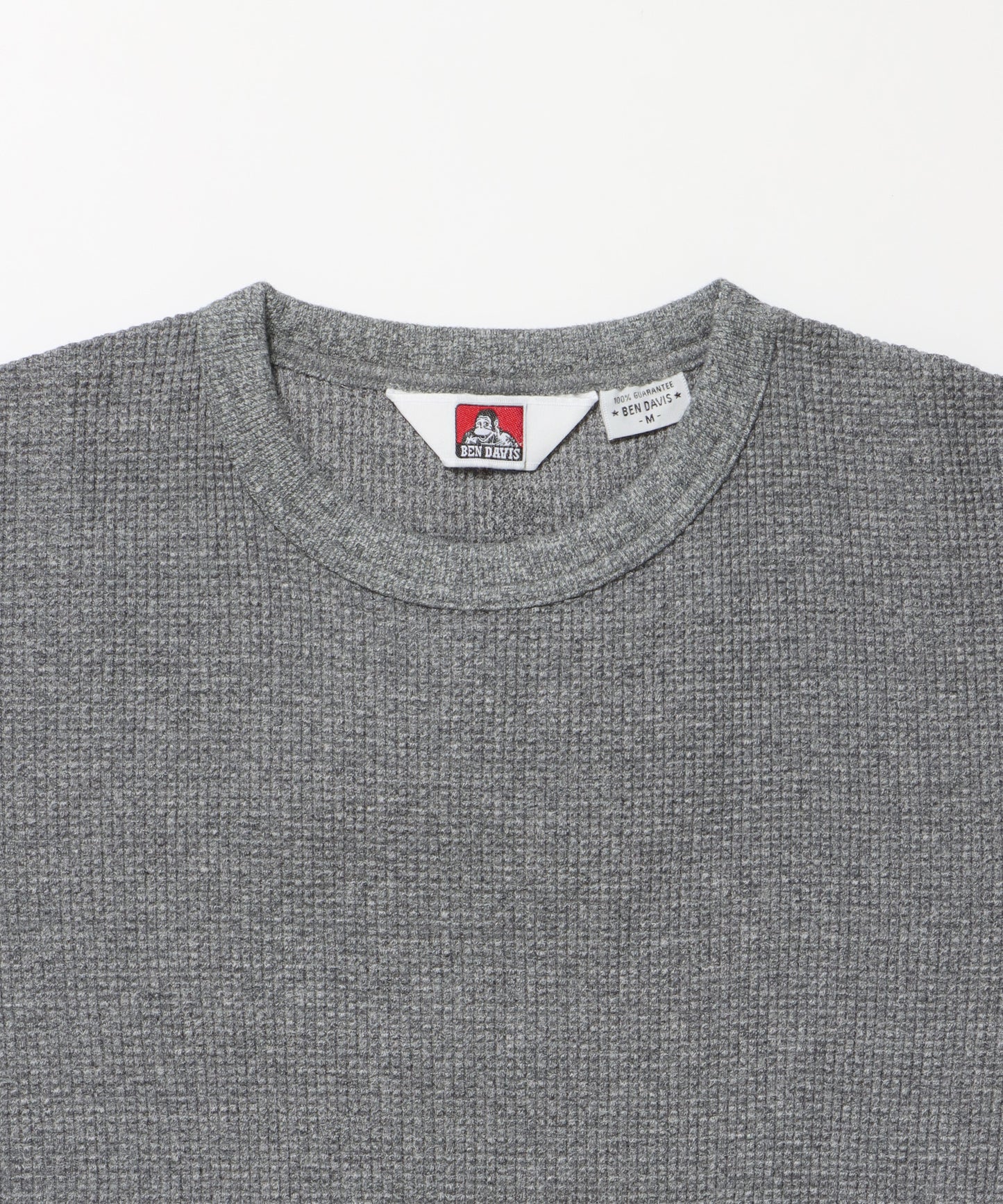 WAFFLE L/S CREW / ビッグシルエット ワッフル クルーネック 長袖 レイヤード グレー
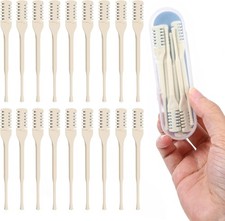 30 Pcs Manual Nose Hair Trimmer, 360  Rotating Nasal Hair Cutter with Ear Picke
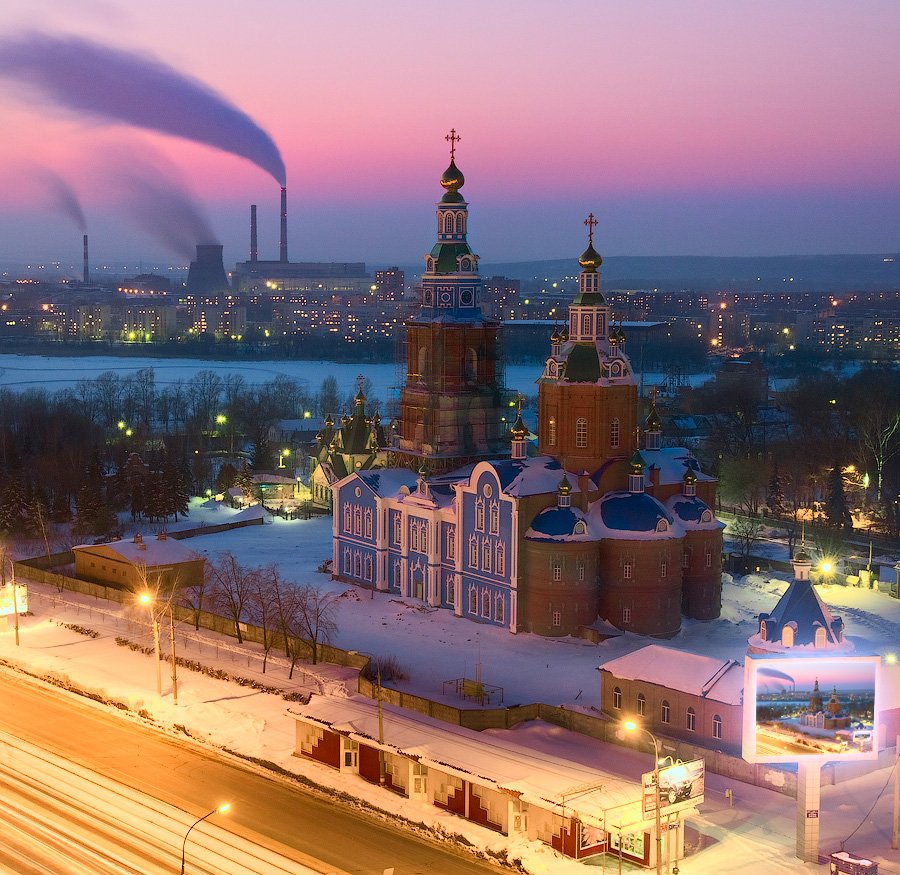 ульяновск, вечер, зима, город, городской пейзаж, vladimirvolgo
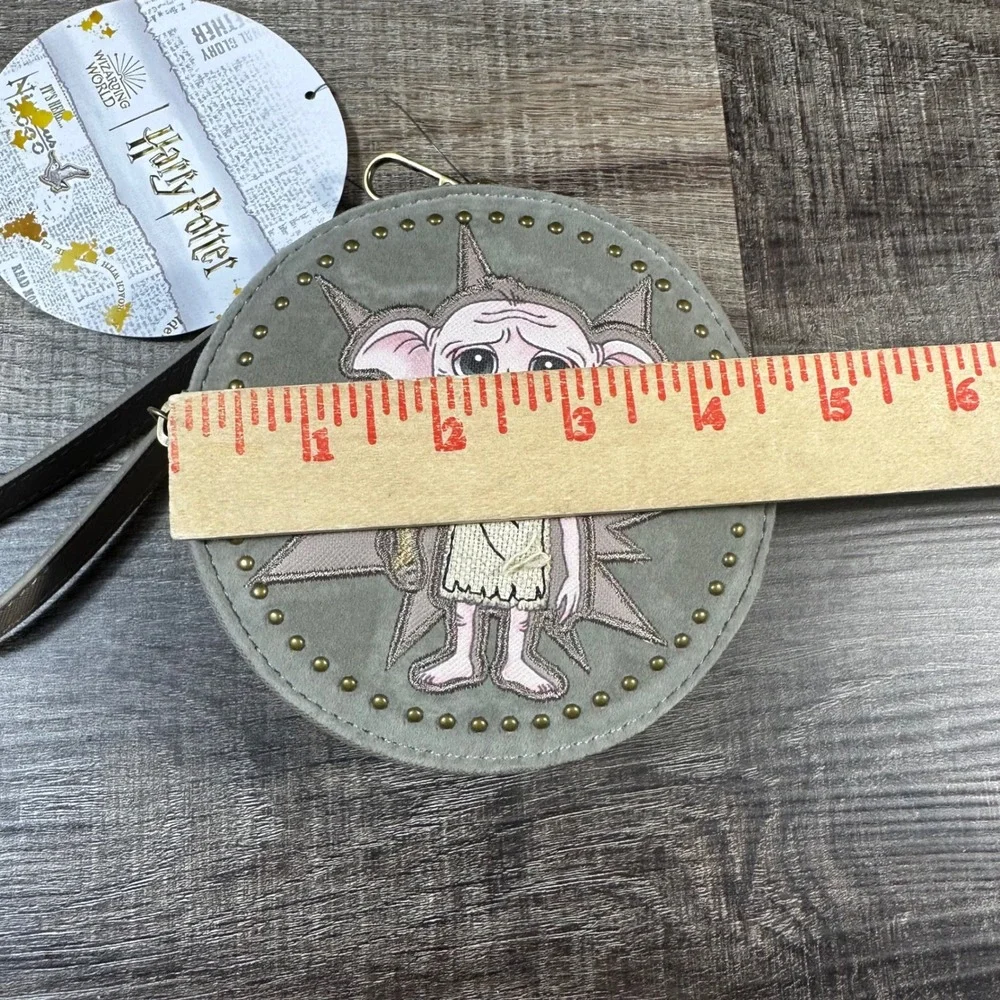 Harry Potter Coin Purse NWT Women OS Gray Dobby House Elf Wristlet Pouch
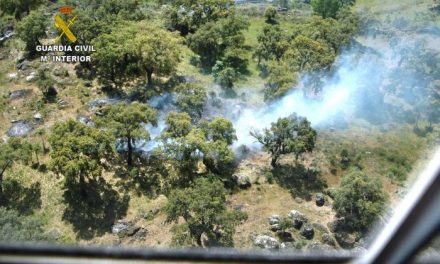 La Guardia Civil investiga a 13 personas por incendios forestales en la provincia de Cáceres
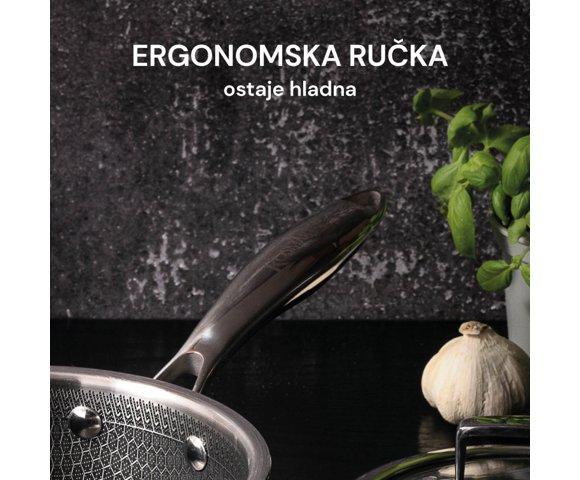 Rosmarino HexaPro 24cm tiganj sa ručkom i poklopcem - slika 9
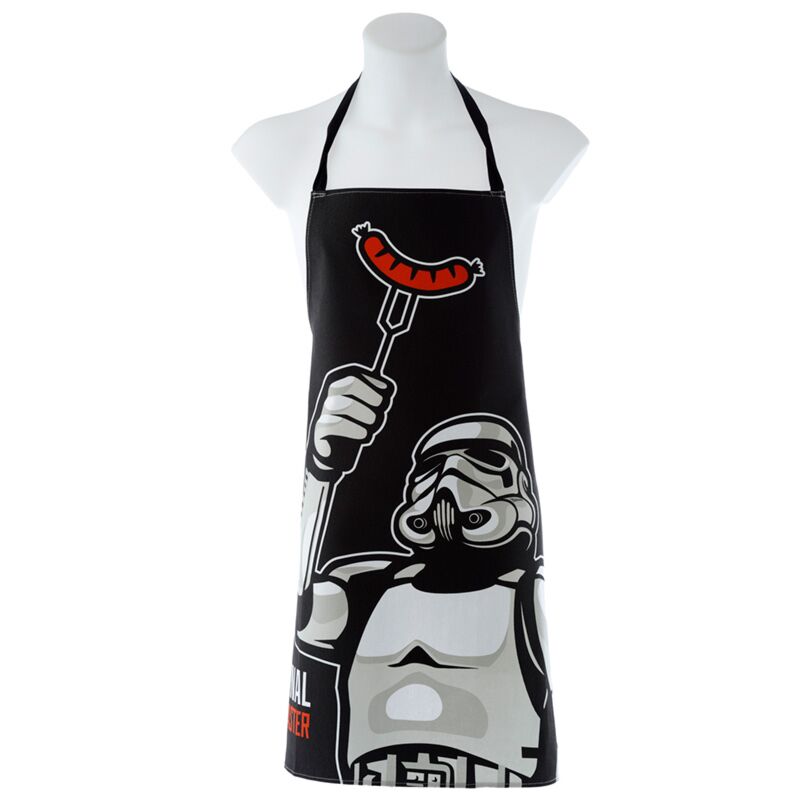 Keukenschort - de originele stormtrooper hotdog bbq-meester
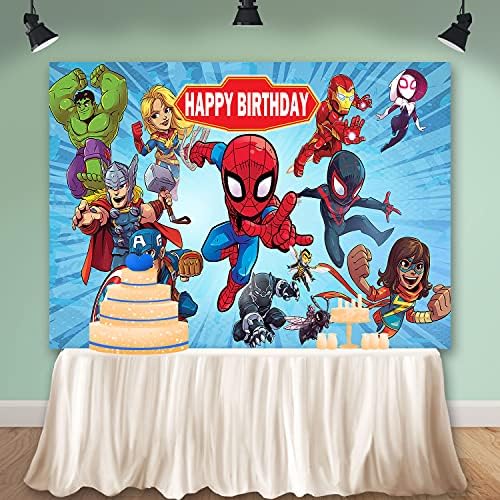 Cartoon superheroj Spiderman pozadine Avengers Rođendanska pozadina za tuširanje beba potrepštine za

◆ ◆ ◆

**YOUR GOAL:**
Retype each line above exactly and leave out any picture.

**WRITTEN REPLY:**
 WAFFLE L/S CREW / ビッグシルエット ワッフル クルーネック 長袖 レイヤード グレー
 30 Pcs Manual Nose Hair Trimmer, 360  Rotating Nasal Hair Cutter with Ear Picke
 ульяновск, вечер, зима, город, городской пейзаж, vladimirvolgo
 Harry Potter Coin Purse NWT Women OS Gray Dobby House Elf Wristlet Pouch
 La Guardia Civil investiga a 13 personas por incendios forestales en la provincia de Cáceres
 Rosmarino HexaPro 24cm tiganj sa ručkom i poklopcem - slika 9
 Keukenschort - de originele stormtrooper hotdog bbq-meester
 Cartoon superheroj Spiderman pozadine Avengers Rođendanska pozadina za tuširanje beba potrepštine za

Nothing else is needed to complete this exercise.